Mr. Brown is among the leaders who say it is vital to resolve huge financial imbalances among nations in trade, savings and consumption that played a role in the financial crisis, and could leave the economy vulnerable to similar shocks in the future.
Some economists say the imbalances would ease if big exporters like China, Germany and Japan consumed more, while big debtors like the United States saved more.
Economic data show many parts of the global economy are beginning to recover from the recession and resume growth. That is why G20 officials are to discuss how to coordinate the end of efforts to stimulate their national economies, which include massive spending on public works projects and slashing interest rates to very low levels.

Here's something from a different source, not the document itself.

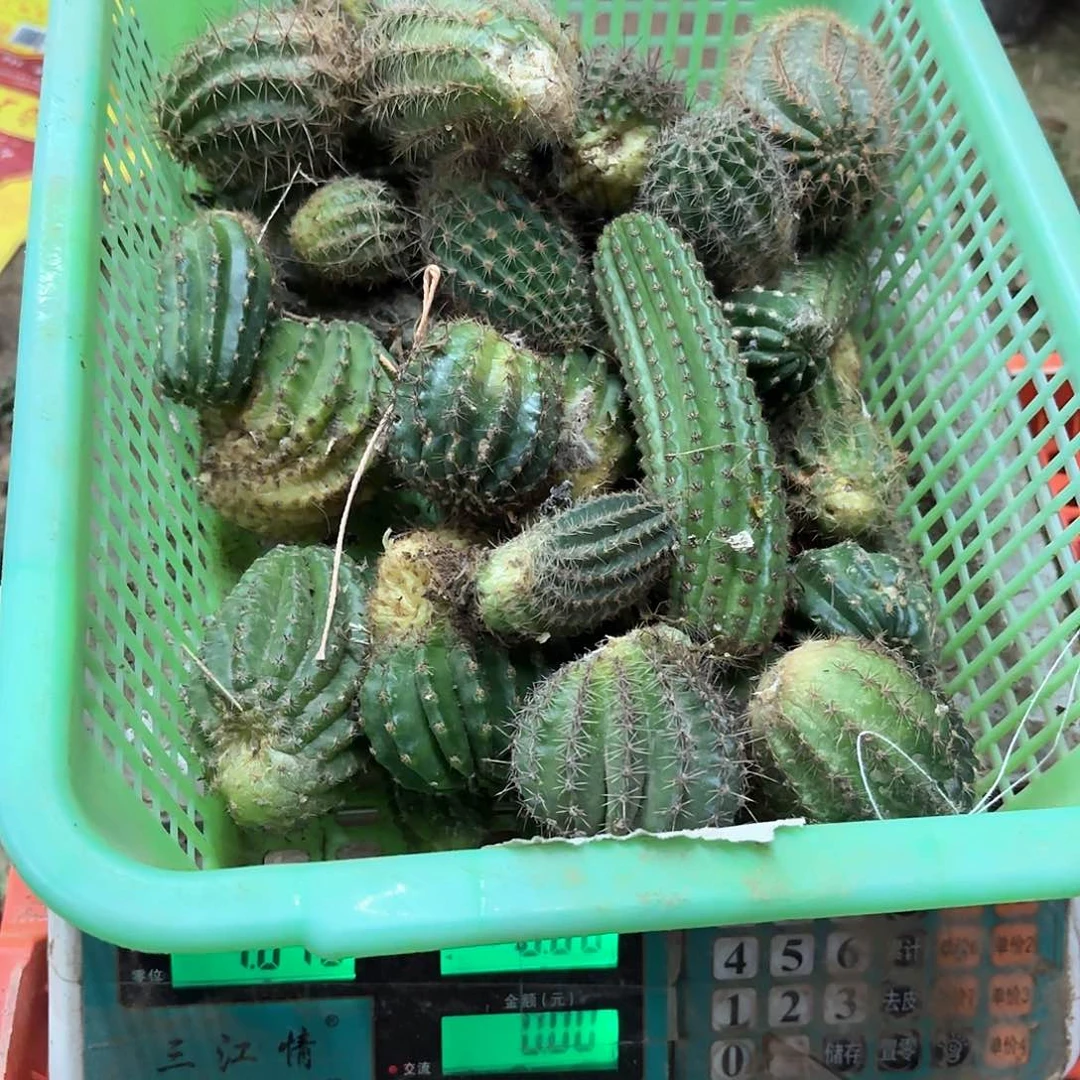 天*4 侧牙混品瑕痴无售后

Ending these stimulus programs is complex because cutting the effort too soon risks pushing the economy back into recession, but continuing stimulus programs too long runs up national debts and risks sparking inflation.
French Finance Minister Christine Lagarde says signs that the economy is beginning to recover should not be an excuse to avoid economic reforms.
French and German officials are proposing stricter regulation of the financial sector, including limits on executive pay.
Some information for this report was provided by AFP, AP and Reuters.